Check Point R77.10 in larger VSX deployments may take too long to start

book

Article ID: 168143

calendar_today

Updated On:

Products

VIP Enterprise Gateway APM

Issue/Introduction

​Customers with larger VSX deployments may experience a very slow transition of VAP members from "UP" state into "ACTIVE" state.
This transition may even take about an hour.

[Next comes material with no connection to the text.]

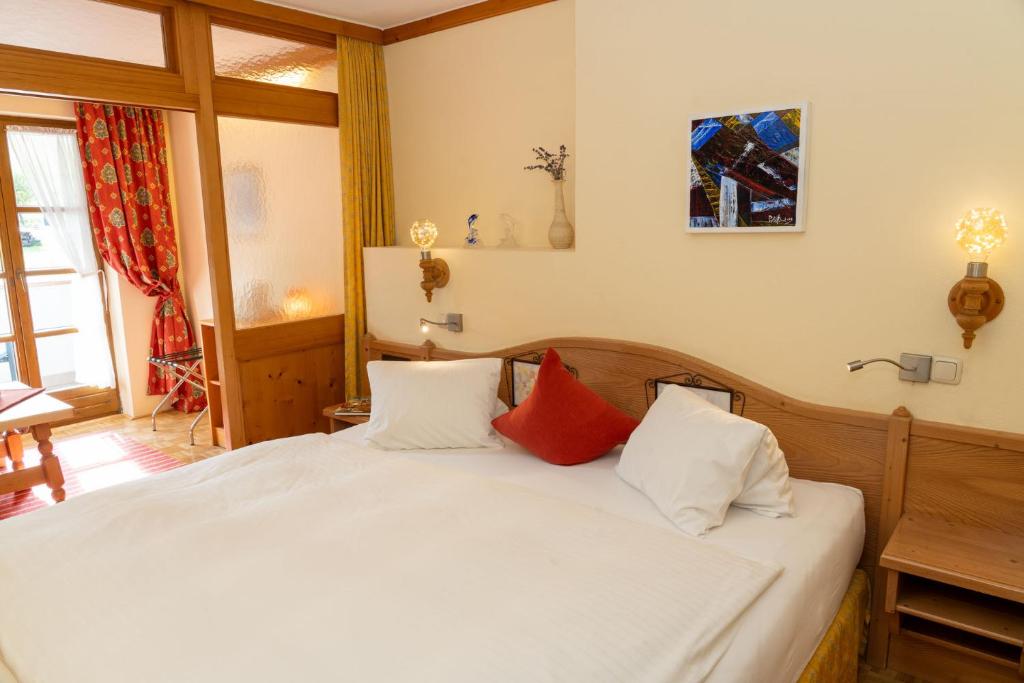 Posteľ alebo postele v izbe v ubytovaní Bauernhofhotel "die Unterbergerin" - Zimmer mit Frühstück und Ferienwohnungen in Gastein mit GRATIS Thermeneintritt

1. "cphaprob state" correctly reports all cluster members as "ACTIVE"
2. Application monitor correctly reports all monitored Check Point components on the cluster member as "UP":
#/crossbeam/apps/app_status -v
cpd is RUNNING
fwd is RUNNING
fwk is RUNNING
VSX is READY
HA  is READY
Reporting application state: UP


3. VAP members are still only reported in "UP" state and not "ACTIVE" state as shown in "show chassis":
<snip>
5 Yes ap3 AP9600 Up 0 days, 00:20 
6 Yes ap4 AP9600 Up 0 days, 00:20
<snip>

Cause

The issue is configuration fetch + NFS file system related.

 

Resolution

To significantly improve the the "UP" -> "ACTIVE"  transition times, upgrade to R77.10 MR1 or to R77.30.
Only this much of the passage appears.